Niente miracolismi, intendiamoci, ma almeno un miracolo (politico) può essere vantato senza tema di smentite o di euforismi fuori luogo, vale a dire la durata stessa di un Esecutivo su cui molti osservatori nonché nemici politici interni ed esterni auguravano qualche mese di sopravvivenza. Certo è però che, al di là di una normale amministrazione, non si può andare nei giudizi all’attuale governo, sia pure in un clima politico in cui i colpi allo stomaco (e non solo) non sono mancati e non mancheranno sol che si pensi agli urti e alle contestazioni accese provenienti dai campioni del populismo e dell’antipolitica sotto le insegne pentastellate, cui si accompagnano spesso gli attacchi provenienti dal Carroccio salviniano. Per il resto ci andremmo assai cauti anche se ci sovvengono le buone prove di un Marco Minniti agli Interni sui problemi non semplici come l’immigrazione, i clandestini, gli sbarchi.
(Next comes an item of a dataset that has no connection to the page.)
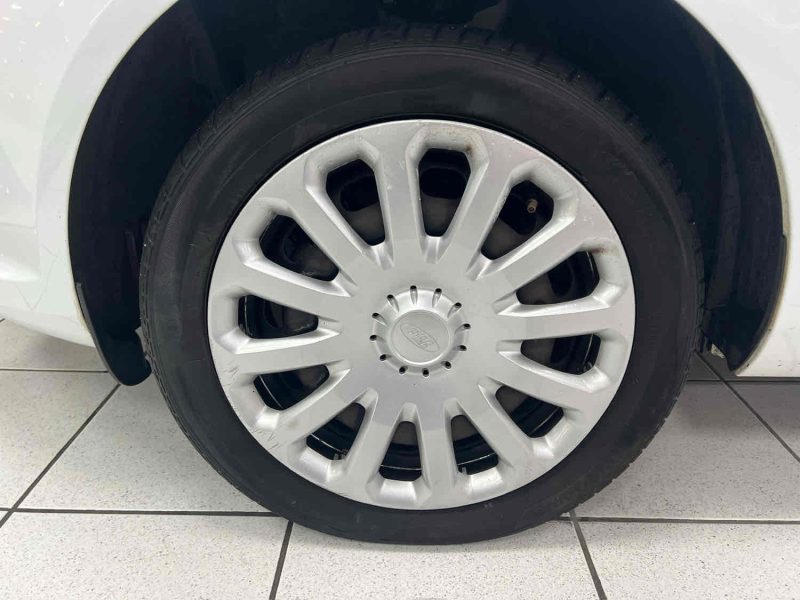 FORD FIESTA VI 82CV TREND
Se guardiamo alla politica estera, anch’essa avvolta negli schemi complessi di alleanze internazionali e di regole europee, il tran tran è stato ed è la conditio sine qua non, un vero e proprio esempio che sempre il latinorum sa cogliere e riassumere: il quieta non movere.

Prendiamo il caso di Gerusalemme capitale, su cui Donald Trump ha scatenato una sorta di bailamme tuttora in corso (ma che finirà presto) alla cui base, comunque, resta un fatto incontrovertibile, un punto fermo storico, per di più da tremila anni o giù di lì, nel senso che Gerusalemme è non solo la città santa dell’ebraismo, non solo il simbolo sacro del cristianesimo e dunque dell’Occidente, ma la capitale di un Paese per un popolo che ha saputo risorgere da persecuzioni e stermini dandosi uno Stato libero e democratico, in un contesto di vicini in cui i due aggettivi non sono mai stati di moda. Ebbene, come ha reagito la nostra politica estera? Recitando giaculatorie in favore dello status quo, precipitandosi a giurare che le cose vanno bene così, ispirandosi sempre e comunque a quella regola che sa anche di conformismo, di sudditanza, di scarsa autonomia. Il lenire e sopire è sempre di moda, lui sì. Come la democristianitudine.